But what of Michael himself? Apart from a brief cameo from Nick Castle, James Jude Courtney dons the Captain Kirk mask for the majority of the running time. The mask’s aged and weathered rendering is a visual reflection that Laurie is facing an older nemesis. Courtney isn’t done any favours by director Green who rather than keeping him in the shadows and corners of the ‘scope screen - which was Carpenter’s masterstroke - instead stalks him by steadicam, at one point in a continuous tracking shot which results in two random kills across two households which are staged in such a matter of fact way it feels like we are participating in a Halloween walk-through at Universal Studios. The closet scene is ruined by virtue of the trailer, although it too looks like a haunted house gag at first.

Jamie Lee Curtis admitted in an interview with Variety that H20 “...ended up being a money gig...It talked about alcoholism and trauma, but I just did it for the money”. I’d argue that H20 tackled the subject of PTSD in greater depth than HALLOWEEN (2018). There’s little actual meat on the bone for her character Laurie besides recreating key moments from the original by inverting those scenes whereby she’s now in Myer’s place, e.g. watching her granddaughter in class from across the street, or disappearing from the lawn after a fall when Michael peers over the balcony. (Admittedly these are nice touches, although ultimately they just serve as callback reminders to confirm how vastly superior the original was.) There’s only one actual glimpse of footage from Carpenter’s 1978 film, the murder of Judith Myers by the young Michael. Bizarrely, the writers have decided to big up the ‘facts’ by adding further grisly details as to what Judith’s younger sibling supposedly did to her. Narrated by podcaster Aaron, the footage (naturally) doesn’t bear any resemblance to what he is actual describing. Now that’s retcon, with the emphasis very much on ‘con’.

Carpenter’s revised and remixed score, in collaboration with son Cody Carpenter and Daniel A. Davies is a fantastic pulsating celebration of electronic menace which rocks, unlike the accompanying visuals which sadly do not.
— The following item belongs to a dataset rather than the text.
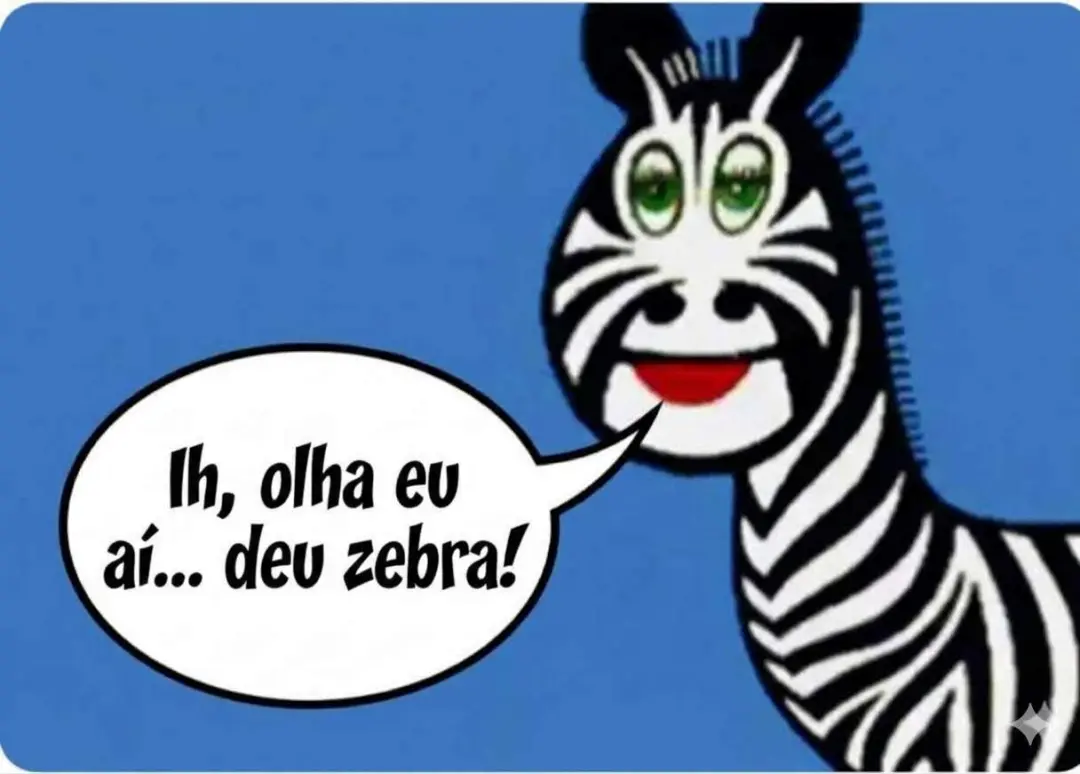 Publicação de @andre.oliveira6975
As the final end credits roll and just before the Universal logo returns, the sound of Michael’s breathing is introduced just in case anyone is in any doubt that a sequel is on the cards. Given the remarkable box-office haul already, I’d say it’s almost certain we’ll get another round with Michael and Laurie. Will John Carpenter be involved again? To quote from a Den of Geek interview when asked about sequels to any of his other films: “I don’t know, but I’m up for almost anything that involves money.”